A Technology Project Proposes That Voice Assistants Like Siri Speak More Languages

11:38 PM by
Assistants Like Siri


Neither Apple development, nor Alexa, nor Google Assistant work in African languages. To make this technology more inclusive, the Common Voice initiative calls on thousands of people to donate their voices for an open database that can be used for algorithms to learn to speak other languages.

Technology came to change the lives of millions of people around the world. There is no doubt that it helps improve education, provides access to information and communication instantly. The problem is that there are millions of people who are being relegated and forgotten by the big companies that are leading the changes in the global technological ecosystem. And one of the clearest examples is the voice assistants that are in our phones, smart screens, watches and computers.

In Africa there are more than a thousand native languages. Each of them has its own accents, speech patterns, and structures. And neither Alexa, nor Siri, nor Google Assistant, the three most famous voice assistants on the market, speak any of those languages. This automatically leaves millions of people without the possibility of using this technology, which, curiously, is one of the ones that has grown the most in recent years.

The giants like Google, Amazon or Apple do not pay attention to a part of the market for voice assistants that may seem small but represents millions of people, but there are other companies that are addressing this problem. Mozilla, the company behind the Firefox browser, is one of the companies that is making the most progress.

“Companies appear to have followed the dominant language business model, which often leaves behind the diversity of African languages, among others. They focus on extrapolating developments and 'plugging' them into the African context rather than adapting them and that is not going to work successfully, ”Chenai Chair, special advisor for innovation in Africa at the Mozilla Foundation, says via email.

Mozilla is managing to meet the needs of millions of people on the African continent thanks to the development of a collaborative technology called Common Voice. It is an ambitious open source initiative aimed at democratizing and diversifying voice technology. "It's an approach to changing the status quo," adds Chair.

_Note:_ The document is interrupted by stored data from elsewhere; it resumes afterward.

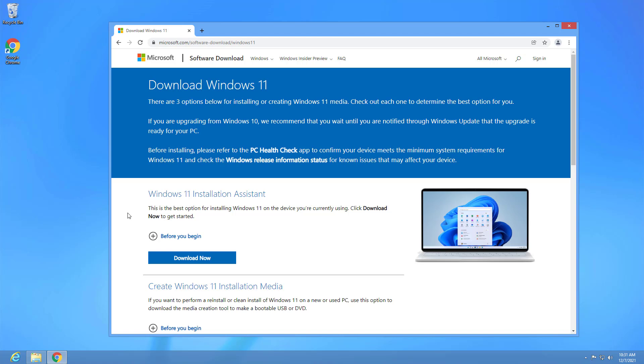If your computer does not meet the minimum requirements, Windows 11 will refuse to install. If you're not sure about the hardware compatibility, the setup will let you know during the installation. Microsoft also has a PC health tool, but it is only available for Windows 10 devices.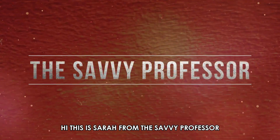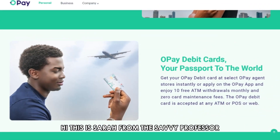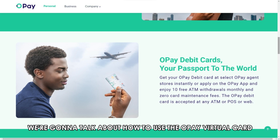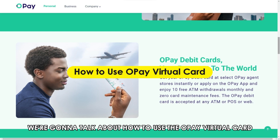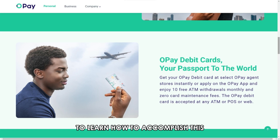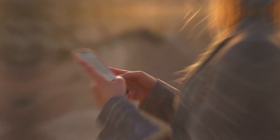Hi, this is Sarah from The Savvy Professor, and in today's video we're going to talk about how to use the O-Pay virtual card. Watch the video until the end to learn how to accomplish this.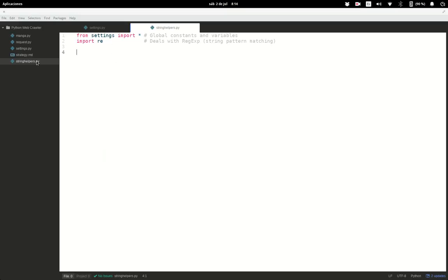I also went ahead and added some import statements in string_helper.py, which is the file we are going to work on today. The first import is from the settings.py module — I want to import all variables using the wildcard asterisk character, importing everything from settings. I also want to import the regular expression module, used for the dashes function. If you don't know regular expressions yet, don't worry.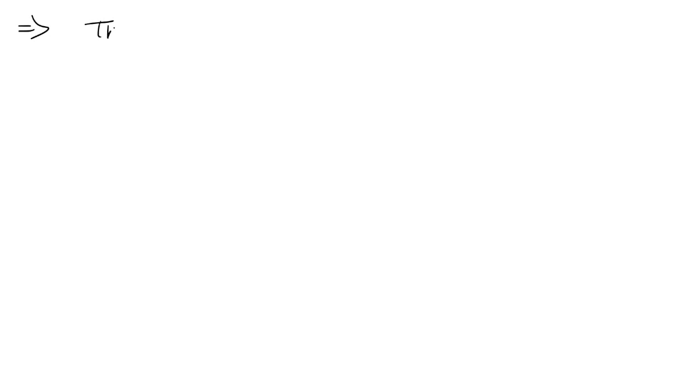Hello students, so let us look at this question here. We can say that the social security number is required as an attribute for student.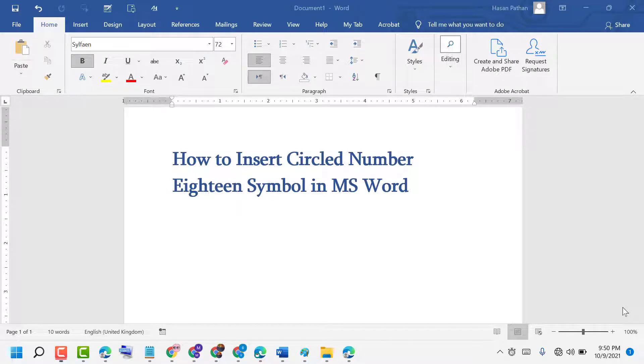Hello friends, today in this video I will show you how to insert the circle number 18 symbol in MS Word.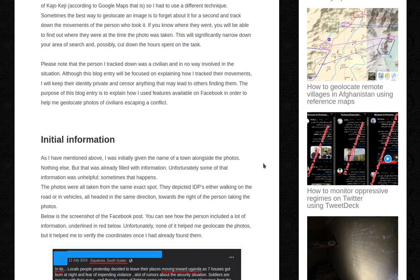Initial information. As I mentioned above, I was initially given the name of a town alongside the photos — nothing else. But that was already filled with information. Unfortunately, some of that information was unhelpful. The photos were all taken from the same exact spot.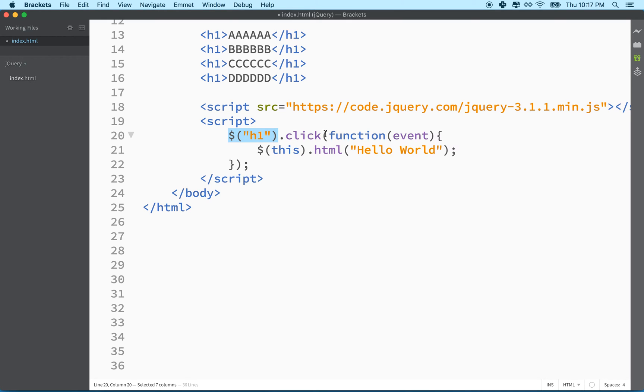And then inside the click action, we can select the particular item that you clicked on with the keyword this.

To understand Common Voice, you have to understand how machine learning algorithms work. These algorithms learn by themselves, but for that you have to give them a large amount of information so that they can understand, in the case of voices and languages, the different phrases, tones and structures of language.

How Common Voice works is simple: it allows people to donate their voices to a free, publicly available database for companies, researchers, and developers to use to train voice-enabled applications, products, and services.

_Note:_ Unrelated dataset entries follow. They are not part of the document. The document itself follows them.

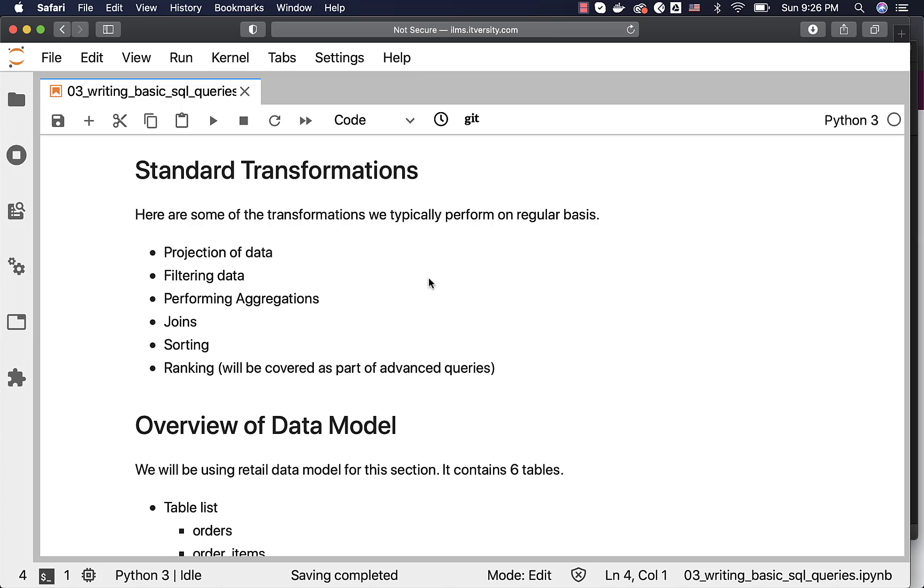Then we typically filter the data using where clause. We can pass all types of conditions to filter the data based upon our requirements.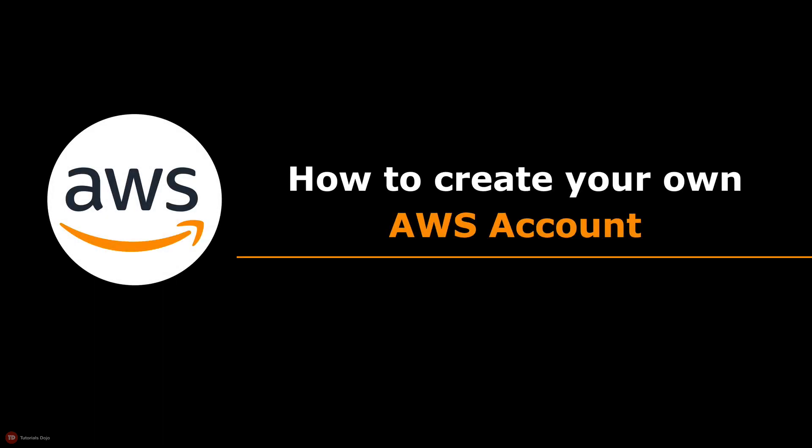In this hands-on lab, I will show you the step-by-step process of creating your personal AWS account.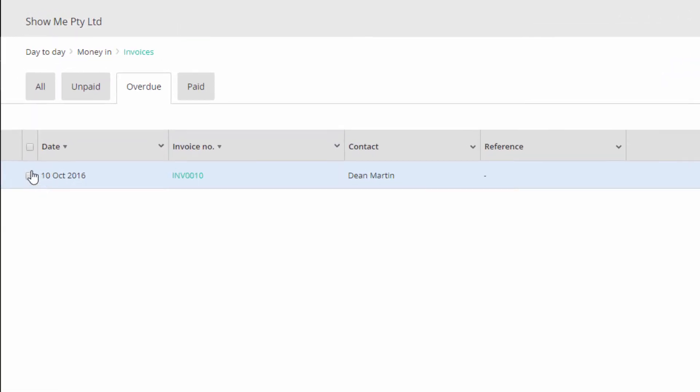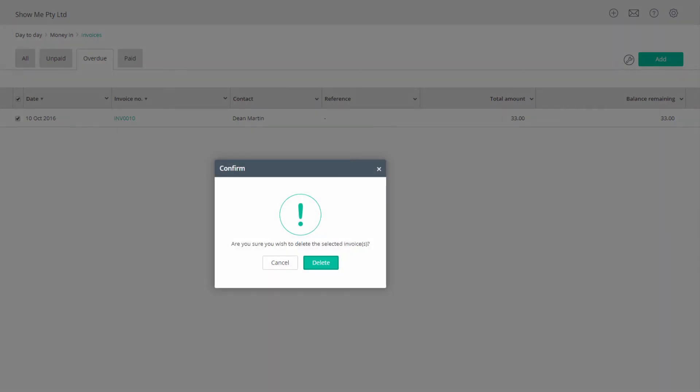Once you have found the invoice, tick the checkbox to the left. At the bottom, a delete button will be visible. Click it. Then click on delete to remove the invoice.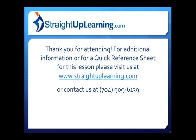Thank you for attending. For additional information or for a quick reference sheet for this lesson please visit us at straightuplearning.com or contact us at 704-909-6139.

The need it is filling is so great that Common Voice became the world's largest multilingual public domain voice data set. From 2017, when the initiative was born, to the present, it has managed to gather more than 12 thousand hours of voice data and 75 different languages ​​ranging from Swahili to Mandarin and Welsh.

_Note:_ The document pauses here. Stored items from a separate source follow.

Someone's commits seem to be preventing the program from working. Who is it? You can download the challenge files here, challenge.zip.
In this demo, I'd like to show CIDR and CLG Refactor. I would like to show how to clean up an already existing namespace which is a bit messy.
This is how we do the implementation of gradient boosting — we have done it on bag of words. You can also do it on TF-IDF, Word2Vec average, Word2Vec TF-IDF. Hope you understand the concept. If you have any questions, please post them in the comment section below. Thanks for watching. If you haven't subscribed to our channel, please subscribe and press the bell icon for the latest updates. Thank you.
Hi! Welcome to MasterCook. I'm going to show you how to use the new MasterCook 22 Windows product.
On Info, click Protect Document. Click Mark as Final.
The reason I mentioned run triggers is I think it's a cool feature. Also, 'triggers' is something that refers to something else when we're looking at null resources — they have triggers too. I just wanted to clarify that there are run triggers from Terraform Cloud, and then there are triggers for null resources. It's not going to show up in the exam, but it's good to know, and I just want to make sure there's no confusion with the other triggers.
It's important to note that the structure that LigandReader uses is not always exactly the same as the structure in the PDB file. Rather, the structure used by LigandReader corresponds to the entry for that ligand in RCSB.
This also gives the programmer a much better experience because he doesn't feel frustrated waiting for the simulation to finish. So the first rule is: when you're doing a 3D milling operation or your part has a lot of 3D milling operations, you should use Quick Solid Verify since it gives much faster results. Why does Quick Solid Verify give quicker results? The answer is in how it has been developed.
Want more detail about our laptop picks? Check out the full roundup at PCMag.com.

Why is this public database so important? Because most databases of this type are owned by large for-profit corporations and used to train their machine learning algorithms. This makes it practically impossible for developers, researchers and smaller companies, without so many economic possibilities to obtain bases or create their own, to get involved in the development of new, more inclusive speech recognition technologies.

From the beginning of the pandemic, everything changed in the project. Before, events were held, especially in schools, where not only did people meet to collaborate with Common Voice, but also discussion tables were set up to try to find better ways to reach more people. Since the arrival of COVID-19, this process has become virtual. And while this saves a lot of work when organizing meetings, it also created inconveniences: Many people do not have good connections or upload recordings with too much noise to help artificial intelligence do its work. The quality of the information is as important as the information itself.

The experience of donating your voice to Common Voice is straightforward. On the project page you can see two large buttons: speak (speak) and listen (listen). The first is so that anyone who wishes can donate their voice by reading a series of phrases that the system will show them. The second is so that all users can validate the accuracy of the voices that others donated.

The platform's incredibly simple and intuitive design is not by chance. The user experience should work perfectly for people who not only speak different languages, but also have very different degrees of technology education.

The project, in which 400 thousand people from all over the world have already collaborated, is a success. Common Voice made an agreement with the company NVIDIA, from which it received a million and a half dollars in addition to workforce and technology to improve its systems, and also obtained more than 3 million as part of a joint donation by the Foundation Bill & Melinda Gates, German Development Cooperation and the UK Foreign and Commonwealth Office. The money is being used primarily to hire people to specifically grow the database of Swahili, which is a language spoken mostly in Tanzania and Kenya by an estimated 45 million people.

"We plan to make conversational technology available in most languages," says Sid Sharma, Head of Product Marketing at NVIDIA.

The Internet - and therefore everything that surrounds the technological world - was and is built and developed in English. If you take into account that only 20% of the world speaks this language and only 5% of people are native speakers, you can imagine how many people are having a barrier to use technology. If we want it to be more inclusive, we have to start thinking about a future that does not speak just one language, but all possible languages ​​so as not to leave so many citizens out of the digital world. Projects like Common Voice, little by little and with the help of the citizens themselves, are achieving it.